*** MATERIAL FOR THIS TASK ***
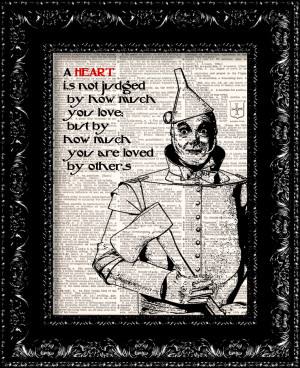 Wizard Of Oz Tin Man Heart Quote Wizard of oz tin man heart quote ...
***
*** MATERIAL FOR THIS TASK ***
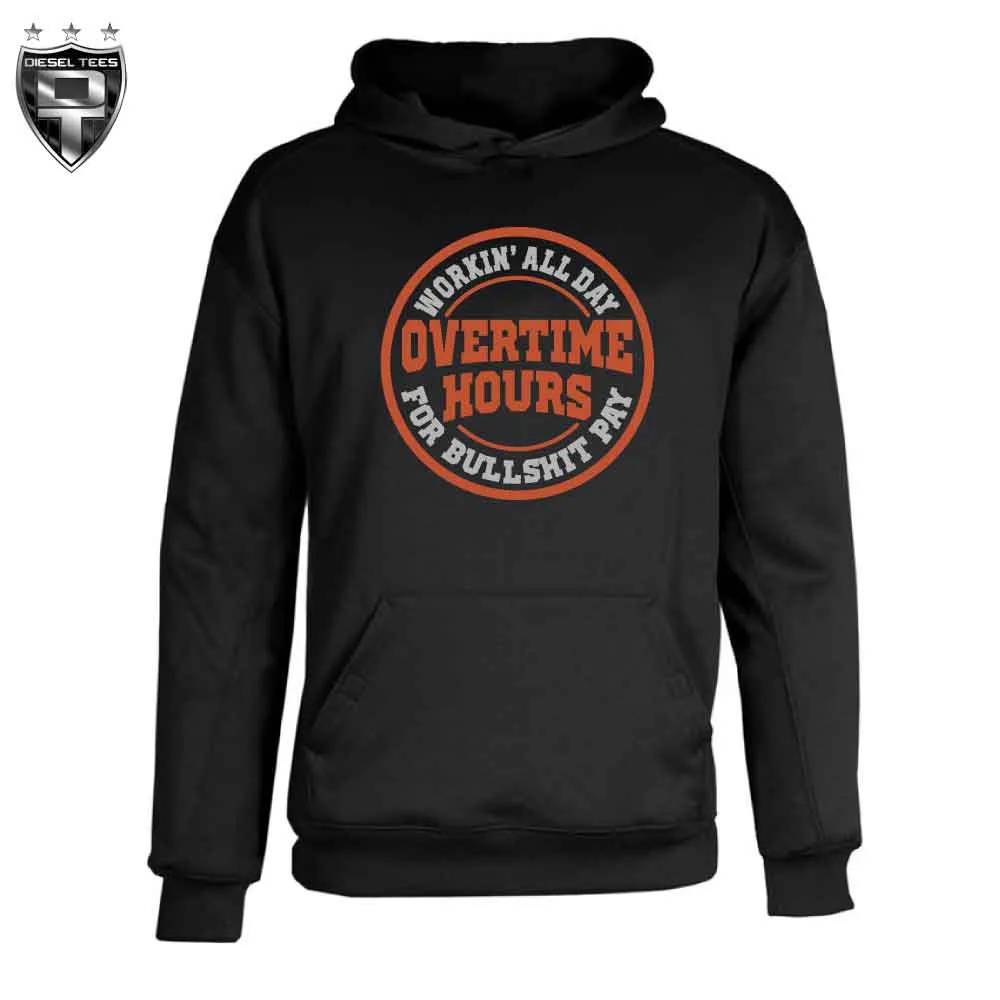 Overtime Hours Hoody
***
*** MATERIAL FOR THIS TASK ***
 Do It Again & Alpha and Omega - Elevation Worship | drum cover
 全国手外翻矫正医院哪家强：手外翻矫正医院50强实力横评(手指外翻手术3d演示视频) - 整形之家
***
■ AIM OF THE TASK: Begin with the line that has "Do It Again" in the listing above and end after the line that has "全国手外翻矫正医院哪家强：手外翻矫正医院50强实力横评(手指外翻手术3d演示视频) - 整形之家"; output those lines exactly.

■ OUTPUT BELOW:
 Do It Again & Alpha and Omega - Elevation Worship | drum cover
 全国手外翻矫正医院哪家强：手外翻矫正医院50强实力横评(手指外翻手术3d演示视频) - 整形之家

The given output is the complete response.